Griffin led Jackson Prep to its sixth consecutive and Mississippi record MAIS Class 6A state championship, a 31-4 record, and a No. 19 national ranking by Perfect Game. He was named a high school All-American and selected the PriorityOne Bank/Mississippi Scoreboard Metro Jackson Baseball Player of the Year.

A right-hander whose fastball tops out in the mid-90s, had a 7-1 record and a 1.38 earned run average with 81 strikeouts and only 15 walks in 50 2/3 innings.

Griffin, a right-handed hitter, had a .537 batting average with 43 runs, 30 runs batted in, 6 doubles, 2 triples and 8 home runs. His batting average ranks third in school history behind Gene Wood (.606 in 2014) and Luke Maddox (.579 in 2009). An accurate eye at the plate, Griffin had only nine strikeouts in 82 at-bats and walked 22 times and had .636 on-base percentage. Blessed with the ability to hit with power to all fields, Griffin had a .951 slugging percentage.

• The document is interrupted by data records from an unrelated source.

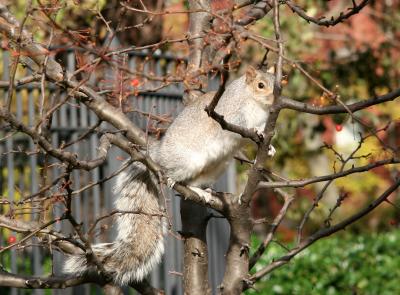 Squirrel in Crab Apple Tree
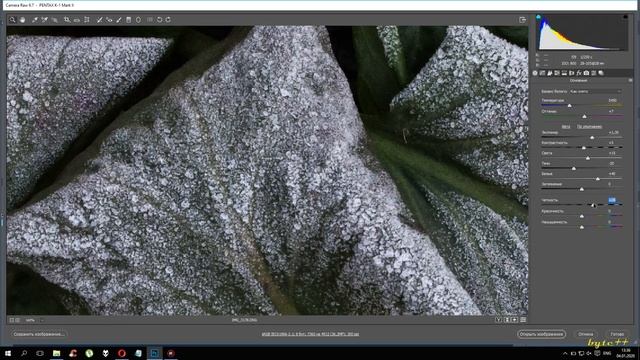 Camera Raw. Учимся работать с RAW. Базовые навыки. Всё что нужно знать для работы. смотреть онлайн
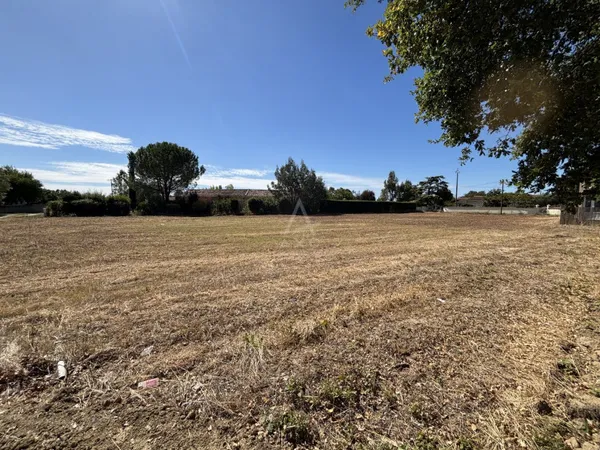 Terrain artisanal 2988 m²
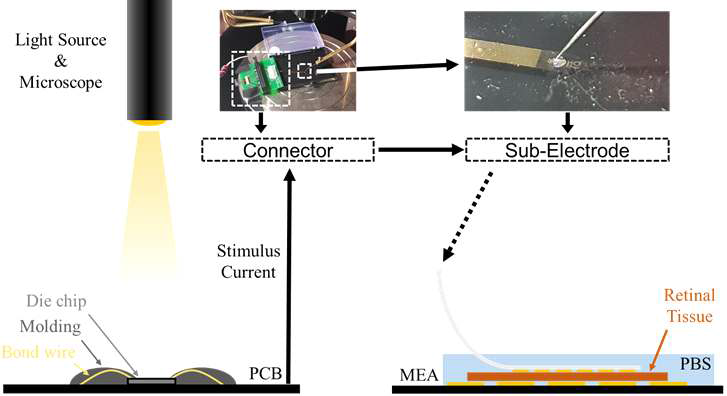 in-vitro 실험 검증 Setup diagram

A slick-fielding shortstop with great range and lightning quick instincts, Griffin made only six errors and had a .932 fielding percentage and turned nine double plays.

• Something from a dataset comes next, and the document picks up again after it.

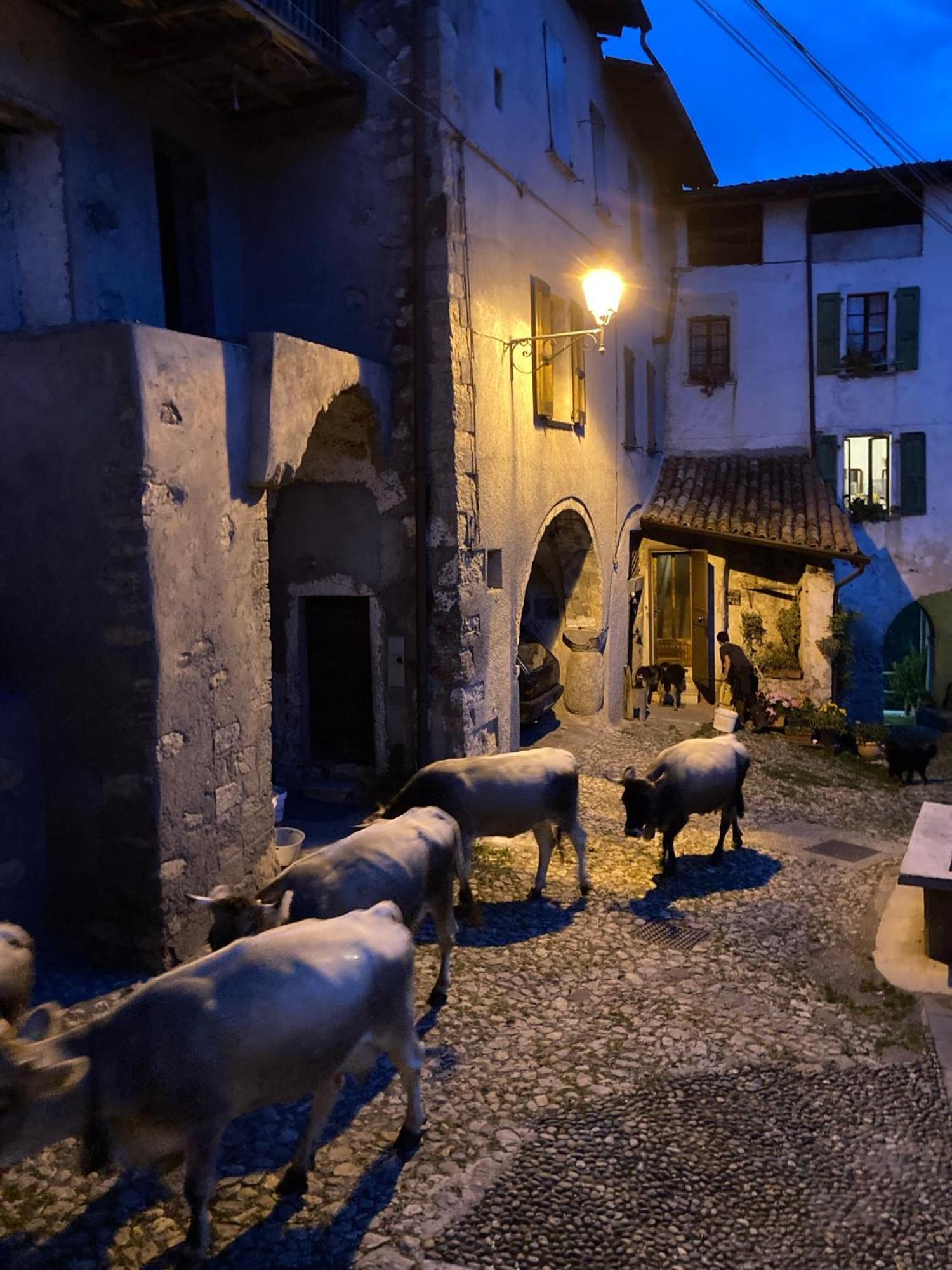 A Casa Di Gianni E Mari Bed & Breakfast Vestone Dış mekan fotoğraf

Griffin made the decision to skip his sophomore year and become a junior and join the Class of 2024 last summer. He also decided not to play football or run track and field but did play basketball. Griffin led the team with 12.3 points, 7.4 rebounds per game, 26 blocked shots, and 51.9 percent field goal percentage and led Prep to its second consecutive MAIS Overall Tournament championship this season. He had 15 points and 15 rebounds in the Overall title game over Clinton Christian Academy.

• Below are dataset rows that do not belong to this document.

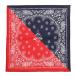EVA-01 PAISLEYS 2TONE BANDANNA (RED×NAVY)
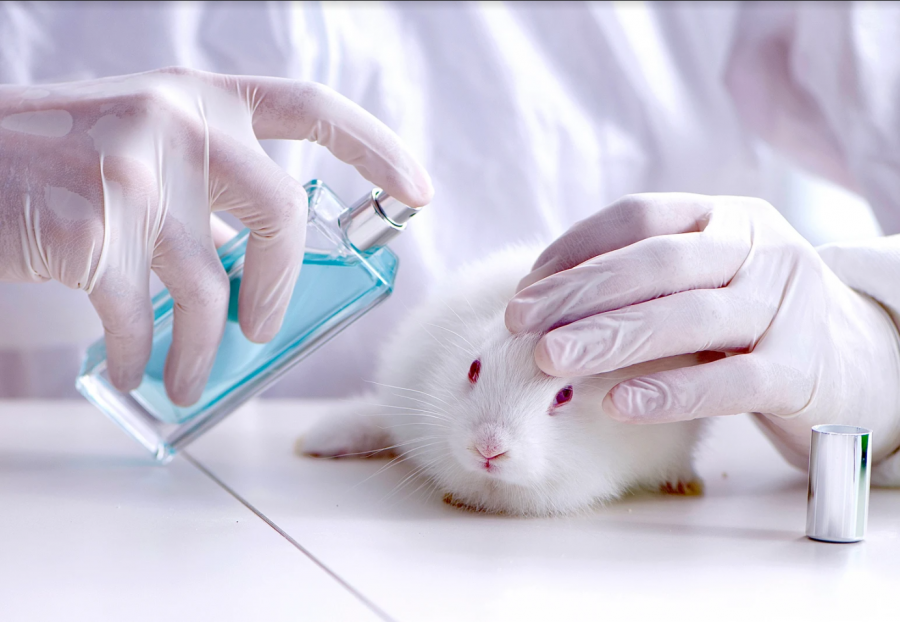 Save Ralph: An exposé of animal testing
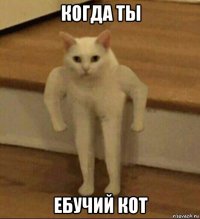 когда ты ебучий кот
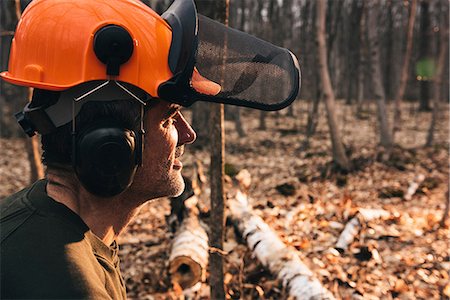 simsearch:400-06520162,k - Portrait of male logger in orange hard hat gazing in sunlit autumn forest Stock Photo - Premium Royalty-Free, Code: 649-09026019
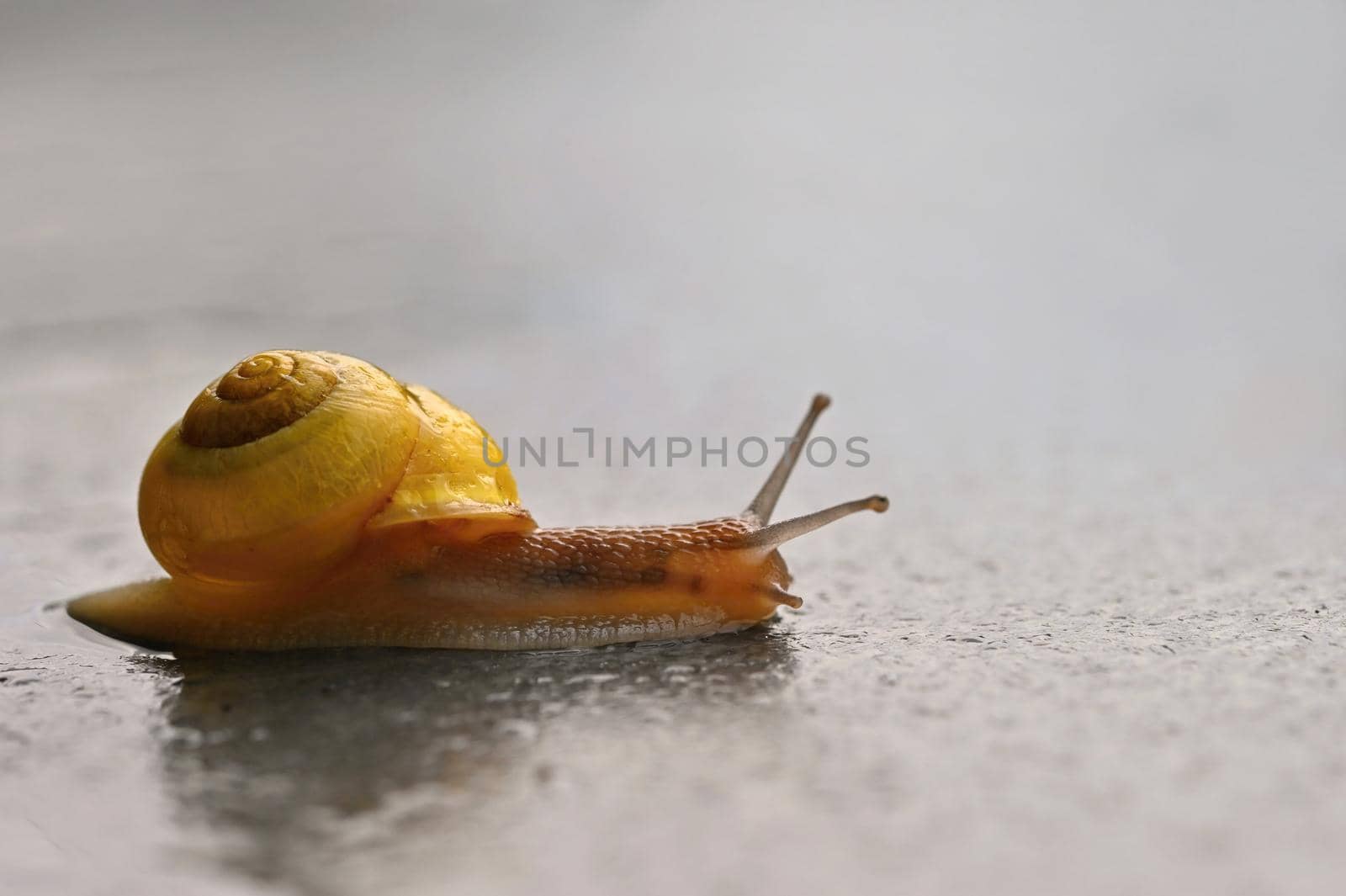 Beautiful macro shot of a snail with a shell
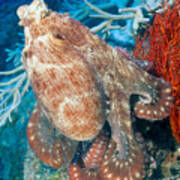 Fiji, Day Octopus Poster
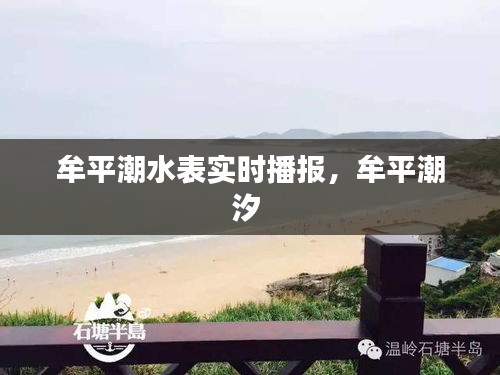 牟平潮水表實(shí)時(shí)播報(bào)，牟平潮汐 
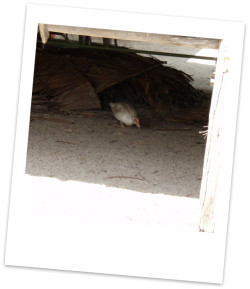 こんな子もいた～♪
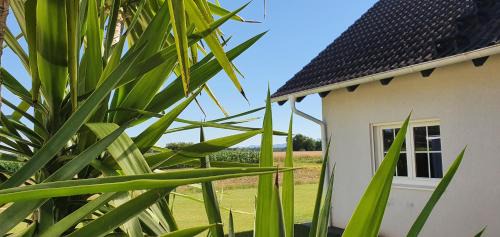 Urloffen Casa | top Haus 160m2 Europapark,Strasburg,Schwarzwald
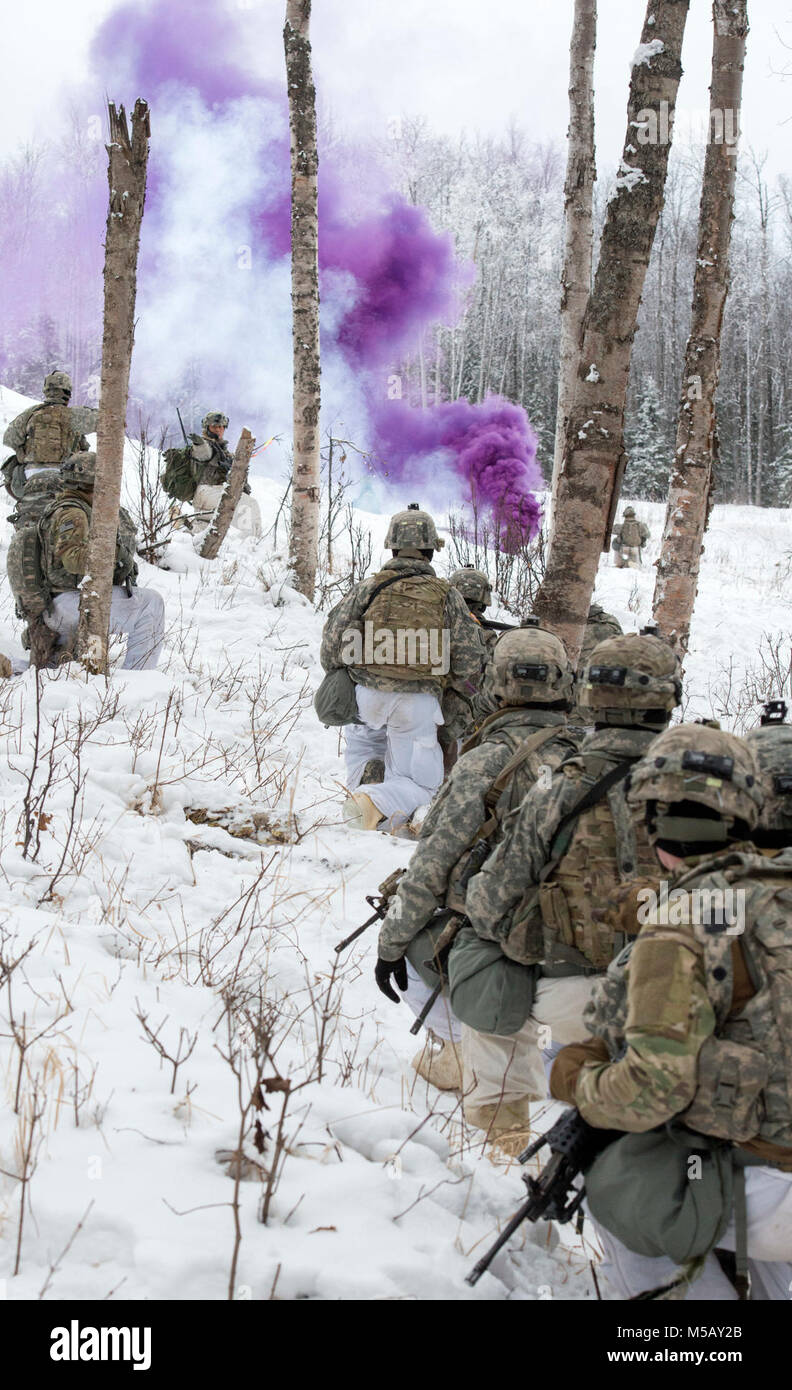 Soldaten zu Ladegerät Unternehmen, 1.BATAILLON, 5 Infanterie Regiment, 1 Stryker Brigade Combat Team, 25 Infanterie Division, U.S. Army Alaska zugeordnet, Vorbereiten zum Angriff einer simulierten feindlichen Position während des Betriebs der Punchbowl bei Joint Base Elmendorf-Richardson, Alaska, 10.02.2018. Betrieb der Punchbowl war ein Bataillon, kombinierte Waffen, Feuer, die auf Arktis Letalität konzentriert. Während der Operation drei 150-Soldat Unternehmen manövrierte durch abwechslungsreiches Gelände; angreifen und Fressen feindliche Stellungen sowie Beseitigung der wichtigsten Waffen und Fahrzeuge durch den Feind genutzt wird. (U.S. Ein Stockfoto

Griffin was named to the third team on the PriorityOne Bank/Mississippi Scoreboard Metro Jackson boys basketball team this season. He is the only player to make the Metro Jackson basketball and baseball teams, quite an accomplishment. Griffin, Prep’s Duncan Mathews (football and baseball) and Madison Central’s Isaiah Spencer (football and basketball) were the only athletes to make two All-Metro Jackson teams this season.

Gifted with skills to also play football and run track, Griffin could possibly be Division I prospect in those sports as well. He was featured on ESPN Sportscenter catching a pass in junior high at Prep and won several track events in junior high at Prep. He didn’t play football or track after his freshman year.